Quelle(s) agriculture(s) pour quels consommateurs ?
« Consommateurs exigeants recherchent producteurs engagés ». Tel était le thème central de l’assemblée générale d’Agridées qui s’est tenue mi-juin à Paris.

Le consommateur est devenu « exigeant et contraint », résume Isabelle Senand, directrice des études de la Fédération du commerce et de la distribution (FCD). Pour Eloi de la Celle, directeur des achats de Mac Donald’s France, « il est évolutif ». Fabien Gastou, co-fondateur de Beesk, une plateforme anti-gaspillage, pense que le consommateur est devenu « engagé et militant ». Face à lui, on trouve des agriculteurs « à l’écoute », indique Marie-Cécile Damave, responsable Innovations et Affaires internationales à Agridées, S’il est « entrepreneur », pour Jean-Paul Bordes, directeur de l’Acta, il est surtout « impliqué », ajoute Stéphane Fautrat, agriculteur, co-fondateur de Carrément Local. « Il est avant tout résilient », affirme Laurent Joyet, directeur adjoint de la chambre d’agriculture Auvergne-Rhône-Alpes.
Défi compliqué
Comment donc l’appareil productif agricole et agroalimentaire peut-il répondre aux attentes d’un consommateur exigeant et parfois schizophrène quand il demande toujours des aliments de qualité aux prix les plus bas ? « Il devra répondre aux cinq défis que sont la modification de l’environnement, l’accélération de la transition agroécologique, investir la bioéconomie mais aussi l’intelligence artificielle et enfin répondre à l’approche globale “One Health” (santé globale) », a détaillé Philippe Mauguin, président de l’Inrae. Il lui faut également s’ancrer dans le local qui reste une attente forte du consommateur en temps de crise car il veut protéger son bassin de consommation et d’emplois, a indiqué Isabelle Senand.

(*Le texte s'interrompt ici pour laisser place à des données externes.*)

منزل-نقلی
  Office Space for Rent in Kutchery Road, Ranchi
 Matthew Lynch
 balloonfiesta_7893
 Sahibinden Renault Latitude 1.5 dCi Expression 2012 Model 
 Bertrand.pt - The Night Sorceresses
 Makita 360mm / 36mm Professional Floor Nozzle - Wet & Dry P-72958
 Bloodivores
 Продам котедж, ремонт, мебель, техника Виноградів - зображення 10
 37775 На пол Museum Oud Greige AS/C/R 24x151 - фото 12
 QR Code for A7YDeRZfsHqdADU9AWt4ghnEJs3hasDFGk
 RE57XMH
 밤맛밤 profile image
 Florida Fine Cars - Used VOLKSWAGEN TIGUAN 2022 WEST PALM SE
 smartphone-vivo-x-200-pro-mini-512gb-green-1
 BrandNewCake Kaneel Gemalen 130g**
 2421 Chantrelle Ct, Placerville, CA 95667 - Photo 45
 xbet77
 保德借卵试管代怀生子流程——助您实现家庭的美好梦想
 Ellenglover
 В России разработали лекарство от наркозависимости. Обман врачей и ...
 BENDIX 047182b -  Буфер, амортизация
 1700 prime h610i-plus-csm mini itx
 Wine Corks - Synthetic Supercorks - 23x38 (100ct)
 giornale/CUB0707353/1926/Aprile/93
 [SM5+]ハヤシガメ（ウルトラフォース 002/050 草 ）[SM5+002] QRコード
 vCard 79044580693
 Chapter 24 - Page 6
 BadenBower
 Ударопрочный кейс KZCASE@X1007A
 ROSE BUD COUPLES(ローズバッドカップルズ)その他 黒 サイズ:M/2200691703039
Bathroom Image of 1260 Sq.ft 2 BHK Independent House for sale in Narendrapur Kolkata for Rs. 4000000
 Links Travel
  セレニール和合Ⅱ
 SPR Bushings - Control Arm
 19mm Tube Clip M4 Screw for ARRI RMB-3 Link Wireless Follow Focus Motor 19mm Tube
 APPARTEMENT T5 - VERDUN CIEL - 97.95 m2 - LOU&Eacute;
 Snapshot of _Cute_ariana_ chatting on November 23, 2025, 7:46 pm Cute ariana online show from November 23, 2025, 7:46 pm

Parce que le comportement alimentaire change et s’oriente vers « une végétalisation des assiettes » selon Yves Le Morvan, responsable filières et marchés à Agridées, et que « la tendance environnement est une exigence des jeunes générations » selon Emmanuelle Paille, directrice de la communication du fromager Bel, les acteurs agricoles et agroalimentaires devront nécessairement s’adapter, estiment à mots à peine couverts les intervenants d’Agridées. Le défi sera d’autant plus compliqué à relever que la population mondiale va croitre de trois milliards d’habitants supplémentaires dans les trente ans qui viennent.
Reconstruire le lien
Au plan local, Stéphane Fautrat témoigne qu’il est possible de changer ses pratiques, d’engager son exploitation agricole vers la transition écologique, de la développer et par conséquent d’en vivre décemment. Le consommateur cherche d’ailleurs, dans les produits qu’il achète, à être rassuré sur les modes de production : bio, raisonné, HVE, sans résidus de pesticides etc. Si l’étiquetage, les QR Code et les blockchains permettent d’informer en grande partie les consommateurs, « il faut faire attention aux dérives d’usage et aux outils intrusifs » prévient Marie-Cécile Damave, à propos, notamment, des caméras de surveillance qui pourraient être installées dans des abattoirs au nom d’une pseudo-transparence. Cependant, un jour ou l’autre, il faudra « passer du marketing de la promesse au marketing de la preuve », a-t-elle prévenu. « On passera ainsi de l’obligation de moyens à celle de résultats », a lancé Hervé Pillaud, agriculteur et vice-président de la FDSEA de Vendée. Pour Patrick Caron, Président d’Agropolis International, le défi à relever est le suivant : « produire sain en protégeant l’environnement et la biodiversité et faire en sorte que les agriculteurs vivent de leur métier », et que leurs « externalités (paysages, bien-être animal…ndlr) soient rémunérées ». A condition que le consommateur veuille y mettre le prix. « Il faut donc reconstruire le lien entre l’agriculteur et le consommateur et récréer un pacte pour éviter d’alimenter le conflit sous-jacent entre d’un côté les “bobos” comme les appellent les agriculteurs et de l’autre “les empoisonneurs” tels que les surnomment une partie des consommateurs ». Manifestement, il reste encore du chemin à parcourir.